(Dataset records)
[Start of Attachment]

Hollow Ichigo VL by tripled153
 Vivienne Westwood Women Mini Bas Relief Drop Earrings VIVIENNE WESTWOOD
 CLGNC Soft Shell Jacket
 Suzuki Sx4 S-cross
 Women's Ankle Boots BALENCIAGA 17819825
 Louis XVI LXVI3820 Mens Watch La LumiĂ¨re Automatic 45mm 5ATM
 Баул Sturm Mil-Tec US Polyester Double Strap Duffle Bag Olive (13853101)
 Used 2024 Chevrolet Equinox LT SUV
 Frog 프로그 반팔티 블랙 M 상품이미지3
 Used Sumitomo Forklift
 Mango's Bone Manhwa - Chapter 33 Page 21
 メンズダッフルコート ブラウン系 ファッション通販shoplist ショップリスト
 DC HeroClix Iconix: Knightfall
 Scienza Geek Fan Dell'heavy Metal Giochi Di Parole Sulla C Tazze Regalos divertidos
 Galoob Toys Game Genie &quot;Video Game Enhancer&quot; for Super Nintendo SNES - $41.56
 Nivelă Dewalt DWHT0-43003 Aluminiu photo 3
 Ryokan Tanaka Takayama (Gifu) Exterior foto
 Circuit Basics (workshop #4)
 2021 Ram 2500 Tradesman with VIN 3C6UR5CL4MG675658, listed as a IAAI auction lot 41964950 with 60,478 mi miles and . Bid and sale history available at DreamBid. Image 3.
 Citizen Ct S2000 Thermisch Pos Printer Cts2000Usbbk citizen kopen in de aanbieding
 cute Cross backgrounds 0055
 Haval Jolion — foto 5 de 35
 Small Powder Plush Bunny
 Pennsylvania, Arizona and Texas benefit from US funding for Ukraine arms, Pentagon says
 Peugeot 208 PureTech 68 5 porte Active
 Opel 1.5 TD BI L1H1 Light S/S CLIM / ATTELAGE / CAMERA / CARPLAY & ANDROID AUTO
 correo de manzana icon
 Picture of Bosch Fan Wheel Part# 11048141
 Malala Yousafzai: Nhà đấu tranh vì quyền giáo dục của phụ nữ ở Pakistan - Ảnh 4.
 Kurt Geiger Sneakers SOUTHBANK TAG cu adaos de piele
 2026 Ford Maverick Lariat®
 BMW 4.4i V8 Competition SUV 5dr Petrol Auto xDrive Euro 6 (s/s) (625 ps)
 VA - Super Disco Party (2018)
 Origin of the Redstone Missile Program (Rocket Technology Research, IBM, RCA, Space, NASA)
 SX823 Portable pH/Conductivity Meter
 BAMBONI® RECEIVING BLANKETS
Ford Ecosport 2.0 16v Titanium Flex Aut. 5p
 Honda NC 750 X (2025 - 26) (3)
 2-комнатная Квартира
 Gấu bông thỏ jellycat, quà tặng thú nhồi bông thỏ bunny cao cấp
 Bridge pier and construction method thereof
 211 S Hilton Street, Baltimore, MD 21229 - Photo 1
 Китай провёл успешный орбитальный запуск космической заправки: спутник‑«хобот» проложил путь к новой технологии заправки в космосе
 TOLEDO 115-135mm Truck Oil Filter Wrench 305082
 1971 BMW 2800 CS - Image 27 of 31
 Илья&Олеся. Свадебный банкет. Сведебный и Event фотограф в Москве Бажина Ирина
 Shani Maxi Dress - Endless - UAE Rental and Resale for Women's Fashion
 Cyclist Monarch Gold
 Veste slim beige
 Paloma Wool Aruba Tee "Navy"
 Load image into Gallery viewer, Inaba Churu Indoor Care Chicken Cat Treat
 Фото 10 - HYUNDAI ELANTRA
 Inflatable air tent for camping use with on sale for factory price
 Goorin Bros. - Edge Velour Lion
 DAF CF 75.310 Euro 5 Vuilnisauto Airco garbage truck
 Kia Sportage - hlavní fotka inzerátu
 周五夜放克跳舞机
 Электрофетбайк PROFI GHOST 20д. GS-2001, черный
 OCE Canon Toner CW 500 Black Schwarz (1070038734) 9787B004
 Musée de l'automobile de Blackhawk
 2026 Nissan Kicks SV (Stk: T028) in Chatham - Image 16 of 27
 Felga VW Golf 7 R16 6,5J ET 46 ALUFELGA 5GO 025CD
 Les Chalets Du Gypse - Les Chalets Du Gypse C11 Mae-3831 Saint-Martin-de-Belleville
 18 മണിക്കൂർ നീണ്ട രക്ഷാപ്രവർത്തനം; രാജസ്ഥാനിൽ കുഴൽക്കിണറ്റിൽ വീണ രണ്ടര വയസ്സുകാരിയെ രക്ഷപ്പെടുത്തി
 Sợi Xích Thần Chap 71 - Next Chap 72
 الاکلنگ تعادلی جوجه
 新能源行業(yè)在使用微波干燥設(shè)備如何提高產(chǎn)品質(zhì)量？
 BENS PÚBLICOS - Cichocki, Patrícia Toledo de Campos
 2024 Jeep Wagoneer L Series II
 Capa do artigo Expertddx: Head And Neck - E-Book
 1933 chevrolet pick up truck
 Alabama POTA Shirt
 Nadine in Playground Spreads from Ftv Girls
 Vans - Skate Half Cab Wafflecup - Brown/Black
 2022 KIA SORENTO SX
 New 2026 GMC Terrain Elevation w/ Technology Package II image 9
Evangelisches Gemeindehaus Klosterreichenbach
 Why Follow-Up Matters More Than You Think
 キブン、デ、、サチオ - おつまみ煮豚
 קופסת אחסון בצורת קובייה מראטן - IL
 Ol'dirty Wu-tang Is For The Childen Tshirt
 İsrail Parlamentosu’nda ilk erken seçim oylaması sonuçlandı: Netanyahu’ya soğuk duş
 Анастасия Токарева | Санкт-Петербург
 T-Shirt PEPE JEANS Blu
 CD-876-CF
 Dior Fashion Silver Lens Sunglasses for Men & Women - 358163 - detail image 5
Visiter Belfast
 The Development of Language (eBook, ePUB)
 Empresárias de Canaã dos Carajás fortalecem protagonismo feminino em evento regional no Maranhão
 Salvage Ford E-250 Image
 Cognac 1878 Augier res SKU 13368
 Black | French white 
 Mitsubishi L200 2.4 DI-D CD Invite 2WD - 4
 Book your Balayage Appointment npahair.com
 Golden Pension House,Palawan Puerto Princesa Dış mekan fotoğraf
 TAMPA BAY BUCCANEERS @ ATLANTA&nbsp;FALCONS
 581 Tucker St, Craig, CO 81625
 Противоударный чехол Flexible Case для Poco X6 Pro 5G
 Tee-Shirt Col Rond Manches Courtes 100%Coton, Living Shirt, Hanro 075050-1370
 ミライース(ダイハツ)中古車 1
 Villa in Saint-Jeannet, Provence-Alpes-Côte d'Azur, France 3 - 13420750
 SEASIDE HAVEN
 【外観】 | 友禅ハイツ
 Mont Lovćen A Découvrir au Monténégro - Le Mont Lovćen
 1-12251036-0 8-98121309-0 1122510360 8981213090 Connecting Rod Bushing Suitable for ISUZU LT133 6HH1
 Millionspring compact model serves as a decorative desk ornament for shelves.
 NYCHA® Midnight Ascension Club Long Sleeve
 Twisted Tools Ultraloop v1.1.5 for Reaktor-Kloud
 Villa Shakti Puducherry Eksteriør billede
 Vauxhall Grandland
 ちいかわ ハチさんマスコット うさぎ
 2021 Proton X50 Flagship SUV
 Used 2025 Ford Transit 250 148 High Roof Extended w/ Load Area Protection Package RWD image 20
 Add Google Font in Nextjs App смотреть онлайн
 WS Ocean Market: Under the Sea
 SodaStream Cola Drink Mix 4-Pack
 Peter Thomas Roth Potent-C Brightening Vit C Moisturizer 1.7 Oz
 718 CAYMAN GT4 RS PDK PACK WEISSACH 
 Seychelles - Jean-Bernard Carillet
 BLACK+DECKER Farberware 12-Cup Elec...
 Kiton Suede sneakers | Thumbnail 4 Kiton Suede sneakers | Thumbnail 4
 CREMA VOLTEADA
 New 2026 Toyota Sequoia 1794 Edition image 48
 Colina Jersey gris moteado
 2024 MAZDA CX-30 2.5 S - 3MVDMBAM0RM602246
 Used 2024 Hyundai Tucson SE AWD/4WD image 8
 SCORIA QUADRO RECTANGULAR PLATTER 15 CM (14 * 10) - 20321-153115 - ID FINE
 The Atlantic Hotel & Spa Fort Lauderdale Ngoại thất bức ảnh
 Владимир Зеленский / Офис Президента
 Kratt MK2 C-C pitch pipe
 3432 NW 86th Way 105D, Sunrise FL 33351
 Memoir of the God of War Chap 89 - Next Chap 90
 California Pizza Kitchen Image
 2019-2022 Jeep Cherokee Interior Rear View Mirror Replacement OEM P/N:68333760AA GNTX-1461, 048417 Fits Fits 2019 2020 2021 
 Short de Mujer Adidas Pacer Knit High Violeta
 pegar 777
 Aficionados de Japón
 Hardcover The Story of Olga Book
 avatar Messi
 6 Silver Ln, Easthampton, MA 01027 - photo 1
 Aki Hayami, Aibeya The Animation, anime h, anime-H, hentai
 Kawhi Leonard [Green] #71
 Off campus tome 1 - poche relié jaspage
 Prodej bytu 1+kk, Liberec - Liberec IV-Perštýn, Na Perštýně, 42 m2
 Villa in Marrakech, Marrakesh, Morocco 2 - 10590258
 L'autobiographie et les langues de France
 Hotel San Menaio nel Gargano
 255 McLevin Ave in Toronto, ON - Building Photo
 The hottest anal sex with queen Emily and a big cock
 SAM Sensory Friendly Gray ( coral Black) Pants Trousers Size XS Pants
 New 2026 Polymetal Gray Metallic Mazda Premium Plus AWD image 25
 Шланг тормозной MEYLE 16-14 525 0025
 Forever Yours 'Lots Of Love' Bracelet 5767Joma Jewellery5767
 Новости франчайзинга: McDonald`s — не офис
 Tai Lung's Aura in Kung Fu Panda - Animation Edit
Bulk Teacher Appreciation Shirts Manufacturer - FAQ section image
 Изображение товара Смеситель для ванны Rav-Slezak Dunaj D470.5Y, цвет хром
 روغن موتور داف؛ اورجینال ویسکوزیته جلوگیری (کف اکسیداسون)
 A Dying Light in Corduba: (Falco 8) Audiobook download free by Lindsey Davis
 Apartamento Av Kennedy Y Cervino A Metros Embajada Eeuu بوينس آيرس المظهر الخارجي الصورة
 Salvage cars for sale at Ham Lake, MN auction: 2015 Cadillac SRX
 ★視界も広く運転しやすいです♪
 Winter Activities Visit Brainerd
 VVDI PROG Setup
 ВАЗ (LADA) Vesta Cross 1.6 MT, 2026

[End of Attachment]

*What the task requires:*
Every line above that has the string "Used" needs to be copied.

*Answer:*
 Used 2024 Chevrolet Equinox LT SUV
 Used Sumitomo Forklift
 Used 2025 Ford Transit 250 148 High Roof Extended w/ Load Area Protection Package RWD image 20
 Used 2024 Hyundai Tucson SE AWD/4WD image 8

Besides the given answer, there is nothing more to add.